Regular Expressions

Regural expressions are easily defined as an abstract data type in haskell:

data Rex = Empty
         | Epsilon
	     | Sym Char
		 | Union Rex Rex
		 | Concat Rex Rex
		 | Star Rex

There are six cases, corresponding to different types of regular expressions. Notice that this is a recursive (inductive) type definition. Using this user-defined type we can represent arbitrary regular expressions as haskell values of type Rex. For example, the expression a(a + b)* is written as

regex0 = Concat (Sym 'a') (Star (Union (Sym 'a') (Sym 'b'))) :: Rex

In order to make regular expressions easier to type, we can introduce infix operators for the union and concatenation operations:

(##) = Concat  -- concatenation of two expressions
(%%) = Union   -- union of two expressions

regex1 = Sym 'a' ## Star (Sym 'a' %% Sym 'b') -- all strings starting with a
regex2 = Sym 'b' ## Star (Sym 'a' %% Sym 'b') -- all strings starting with b

We used the operators ## and %% to avoid conflicts with other predefined haskell symbols, but you can redefine the operators using other names.

Converting Regular Expressions to Automata

Regular expressions can be converted into finite automata. This is done by giving an NFA construction for each type of regular expression. We begin by giving NFAs for the empty set, the emtpy string and the single character regular expressions:

emptyNFA :: NFA () -- NFA for the empty language
emptyNFA = ([()],[],delta,(),[]) where
  delta () _ = []

epsilonNFA :: NFA () -- NFA for the empty string language
epsilonNFA = ([()],[],delta,(),[()]) where
  delta () _ = []

symbolNFA :: Char -> NFA Int -- NFA for a single character language
symbolNFA a = ([0,1],[a],delta,0,[1]) where
  delta 0 a = [1]
  delta _ _ = []

For the other operations, we need to implement NFA constructions showing that regular languages are closed under concatenation, union and star. In this constructions, it is often useful to add a new state to an existing automaton.
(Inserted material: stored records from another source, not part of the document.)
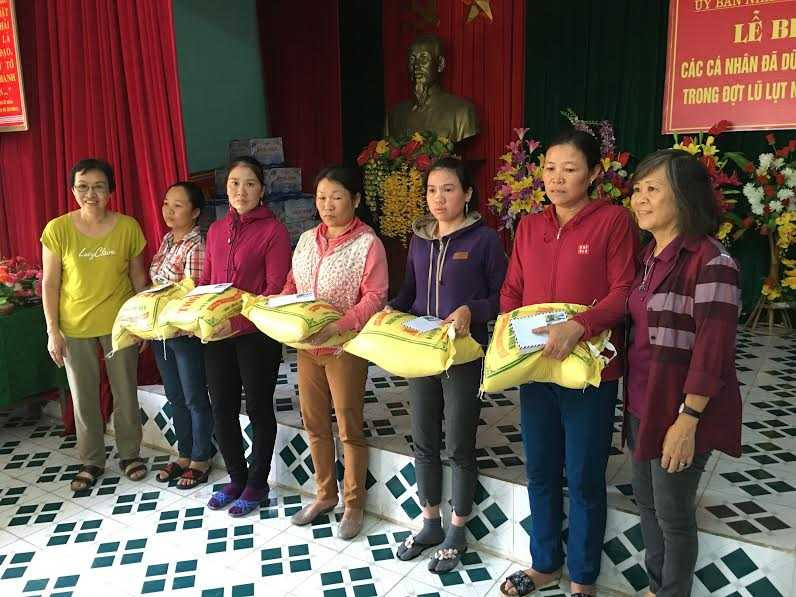 Gia đình Đại tướng Võ Nguyên Giáp cứu trợ đồng bào vùng lũ ảnh 1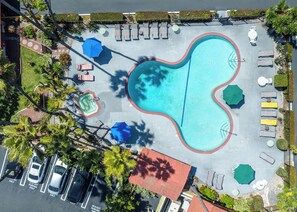 Outdoor pool - Vagabond Inn Costa Mesa (Costa Mesa)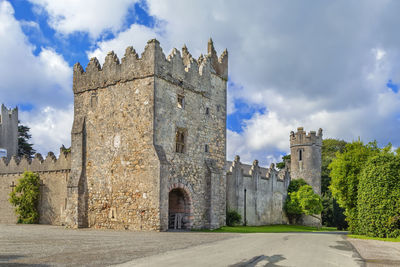 Howth castle has its origins in medieval times, ireland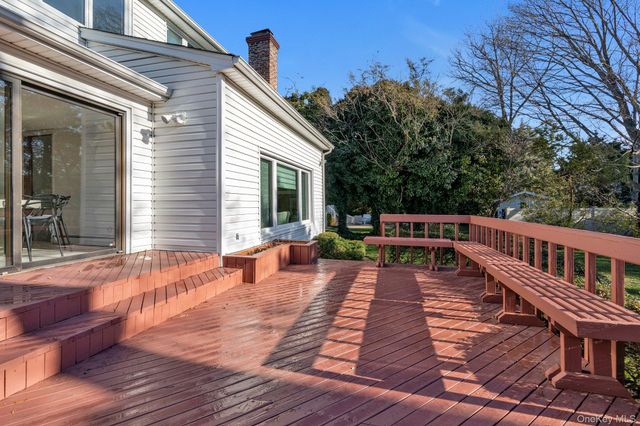 2038 Berfond Court, Merrick, NY 11566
This is easily done using the following user-defined type:

data New st =  New | Old st
  deriving (Eq,Ord,Show)

A value of type New a is either a value of the old type Old x (for any x :: a), or a new value New. Alternatively, we could have also used the haskell standard type Maybe a, with constructors Nothing and Just a. But defining a new type with different names makes our automata more readable. The following constructions correspond to Theorem 1.45, 1.47 and 1.49 in the textbook, with minor differences. Notice how we first define an NFA with ϵ-transitions, and then we remove the ϵ-transitions using convertNFAeps2NFA.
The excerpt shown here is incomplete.